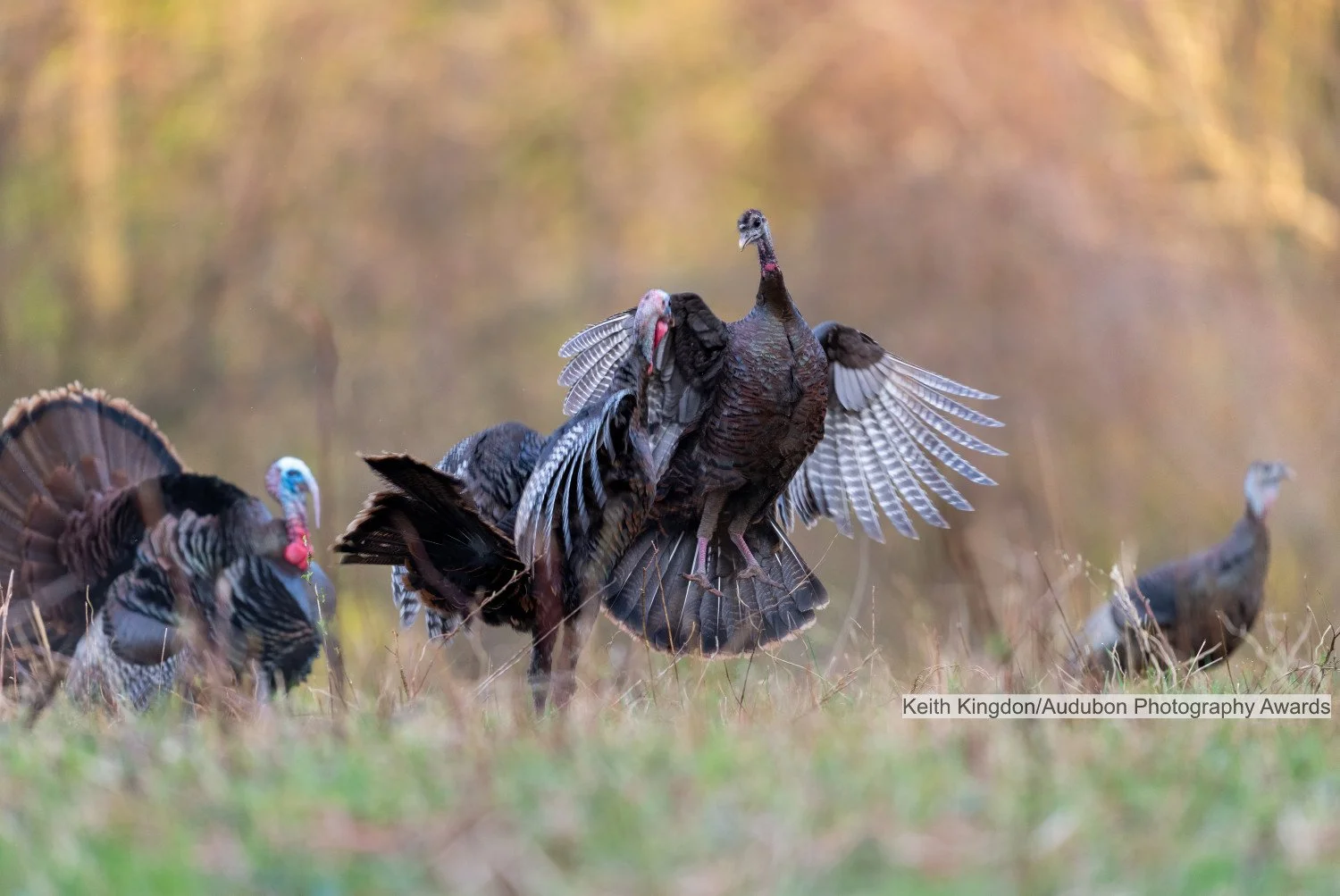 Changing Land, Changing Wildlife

--*--

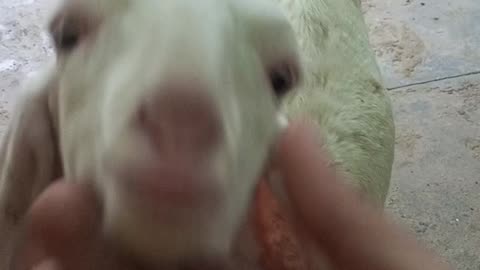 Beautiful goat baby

--*--

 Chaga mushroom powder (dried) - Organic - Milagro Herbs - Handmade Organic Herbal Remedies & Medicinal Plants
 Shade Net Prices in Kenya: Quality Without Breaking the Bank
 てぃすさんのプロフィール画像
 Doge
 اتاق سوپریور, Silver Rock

--*--

▶ _PROMPT_:
Everything in the material above from the line that has "Shade Net Prices" through the line that has "اتاق سوپریور, Silver Rock" must be duplicated exactly, with no other lines given.

▶ _SOLUTION FOR THIS PROBLEM_:
 Shade Net Prices in Kenya: Quality Without Breaking the Bank
 てぃすさんのプロフィール画像
 Doge
 اتاق سوپریور, Silver Rock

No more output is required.